Re: Bug in set/gethostname.

Linus Torvalds (
Sun, 17 May 1998 14:00:37 -0700 (PDT)

On Sun, 17 May 1998, Alan Cox wrote:
> Both single and SMP sethostname/gethostname have a problem. If you get a page
> fault during the copy in a gethostname can return a corrupt nodename. If it
> has overwritten the previous 0 byte you can get a lot of crap in theory
> but I've never seen it do that
> If you do two sethostnames and one of them sleeps you can get a mixed up
> or shortened hostname.
> sethostname/sys_newuname/sys_gethostname/sys_setdomainname need a reader/writer
> lock on them.

Alan, why?

It's not a security risk, and it's not a real problem as far as I can see.
It's something you can only see if you write a completely unrealistic
program, and even when you see it the worst that happens is that you get a
crap return to a crap program.

Crap programs are _supposed_ to return crap.
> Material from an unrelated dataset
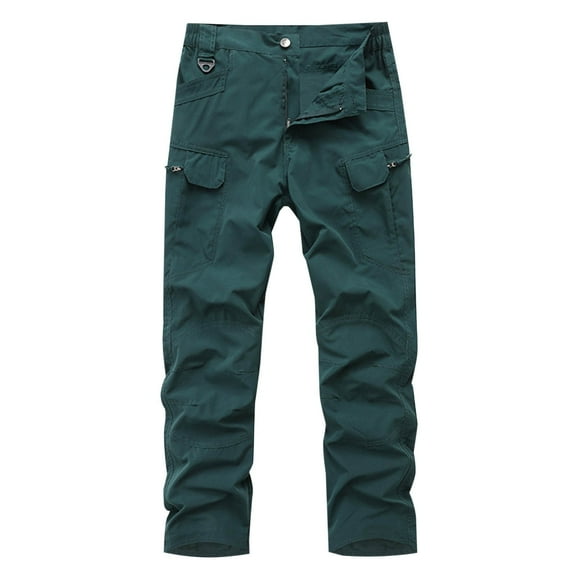 Bazeneo Work Trousers Men with Zip Pockets Relaxed Fit Cargo Trouser Plain Durable Combat Pants Stretchy Tactical Bottoms Casual Comfy Utility Pant Hiking Walking Outfits M-3XL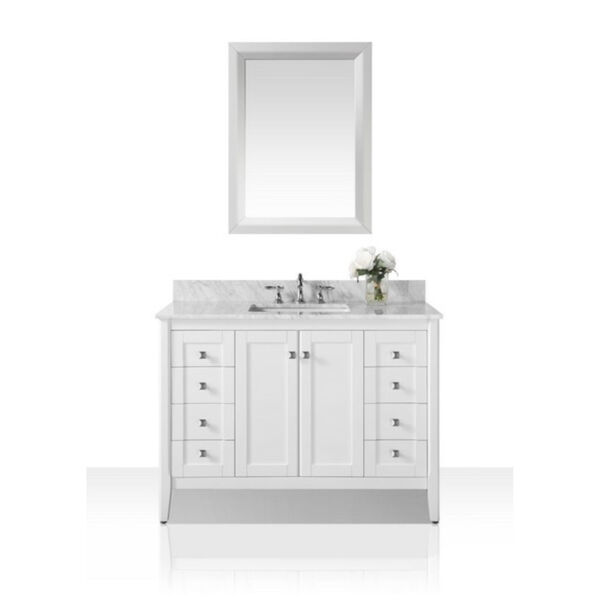 Shelton White 48-Inch Vanity Console with Mirror, image 1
End even then you actually have to be root to get the bad behaviour. If
you're root, you can do some _really_ bad things, so I don't see the point
in changing this, adding code that sounds completely unnecessary unless
you give a real-world example.

Usually you set the hostname once, at bootup. Or maybe you're doing system
administration and playing around with it, but when you do so you'd better
be fairly quiescent anyway and restart all your networking deamons etc
after having done so - so we're talking about something that isn't done on
a whim.

In short, give a better reason, because as it stands, this "bug" is not a
bug, but just a case of "let's not add code to take care of a case we
shouldn't care about anyway". It's a "bug" in the same sense as it's a
"bug" that root can write to /dev/kmem and make the system unstable.